From our content partner Northside News
A typical morning at FEED Kitchens: three or four food carts in the deli kitchen prepping for their lunch rush. Healthy Food For All repackaging soup in the vegetable kitchen for distribution to food pantries and neighborhood centers. FEED Bakery Training Program staff and students hard at work in the bakery and training kitchens preparing the day’s orders. A spicemaker creating innovative mixes in the meat kitchen, while a saucemaker gets ready to bottle and label their product before delivery to Woodman’s or Willy Street Co-op. As a food business incubator and local food manufacturing facility, FEED is one of the most dynamic, diverse workplaces in Madison, and it’s all happening right here, in your Northside neighborhood.
FEED, which stands for Food Enterprise and Economic Development, is located in the NorthGate Shopping Center at the corner of Aberg and North Sherman Avenues. It’s that building in the parking lot that’s usually surrounding by food carts. It also happens to be home to the Northside Planning Council and almost 70 startup businesses and social enterprises.

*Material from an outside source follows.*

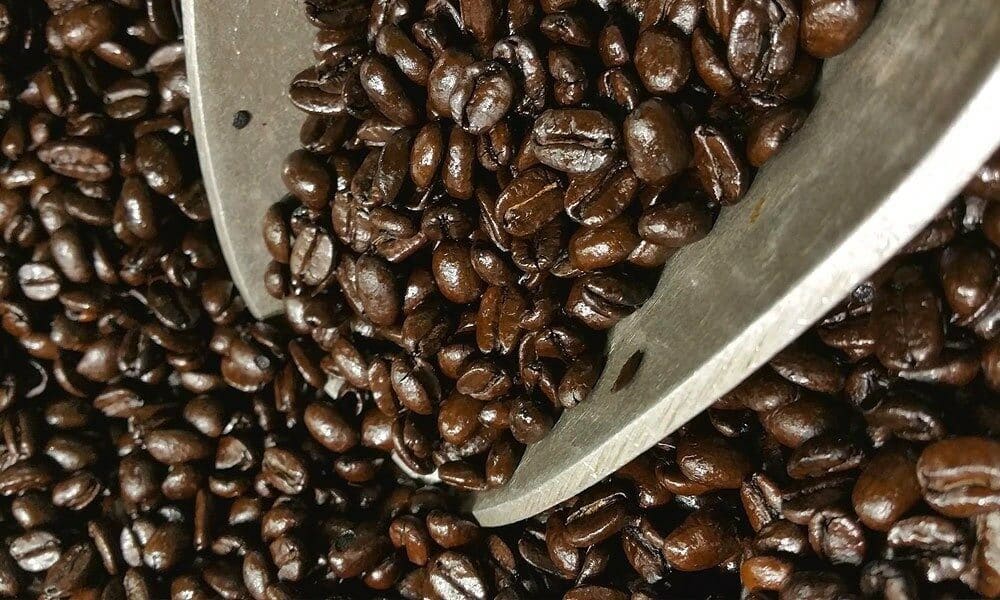 ugandian robusta roasted coffee beans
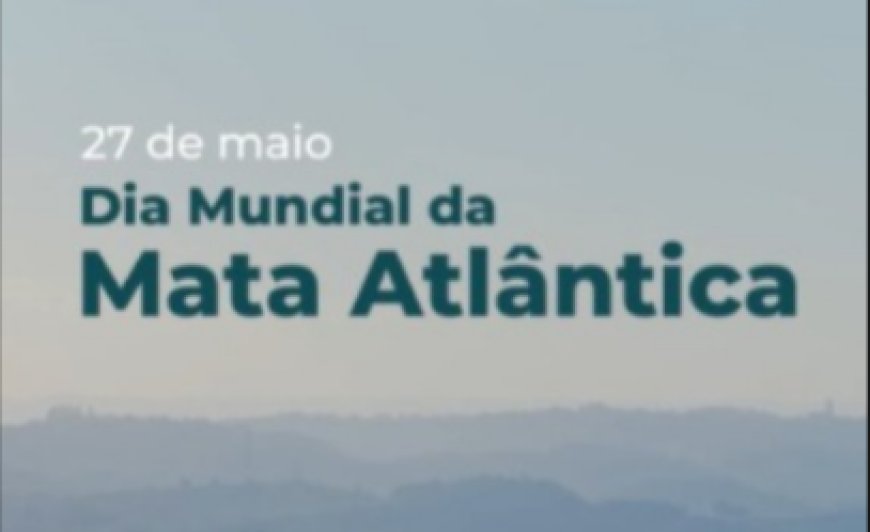 Saneamento e Mata Atlântica: entenda a relação que impacta diretamente Paranaguá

FEED opened in November 2013 and, from the beginning, was envisioned to be a dedicated commercial kitchen space that lowers the barriers of entry for new food businesses. Because of the stringent health code requirements for food production, food entrepreneurs need specially designed and maintained facilities to produce food for sale. This can often mean an investment of tens or even hundreds of thousands of dollars in a sector that sees more startups fail than any other sector. Very few of us can afford that risk. Even fewer minority, low-income and women entrepreneurs can afford that risk. FEED makes it possible for almost anyone to take a shot at starting their own food business by making such facilities available for rent at an hourly rate.
FEED’s accessibility means that 45 percent of our member businesses are owned/co-owned by people of color, and 45 percent are owned/co-owned by women. In the five years since FEED has opened, it has served 130 businesses and supported more than 150 jobs. In addition, FEED has allowed NPC to create over 15 living wage jobs since its inception.
FEED is also home to the City of Madison’s MarketReady Program, a program that supports prospective Madison Public Market vendors who have historically faced barriers to entrepreneurship. And because self-employment is a known pathway to economic independence, FEED helps build stability for countless families as they build their businesses.
FEED is also a hub for food industry workforce development. It’s home to the FEED Bakery Training Program, which serves low-income, under- and unemployed adults and has now expanded to serve youth. Over the years, FEED has also hosted various other vocational training programs, such as Just Bakery and FoodWorks.
FEED is home to dozens of diverse businesses that produce healthy, culturally appropriate foods that are minimally processed and low in sodium and sugar. One of our goals at FEED is to build a food sovereign future where healthy, local food is available and affordable to everyone. This requires systems change — a change in who owns food businesses, what they produce and where they locate. FEED addresses these systemic challenges in healthy retail access by shifting ownership, production and decision-making to the very residents who are often considered food insecure. These entrepreneurs represent many communities whose food needs go
under-served or totally unmet. Because of FEED, they are the suppliers and even the retailers of the future.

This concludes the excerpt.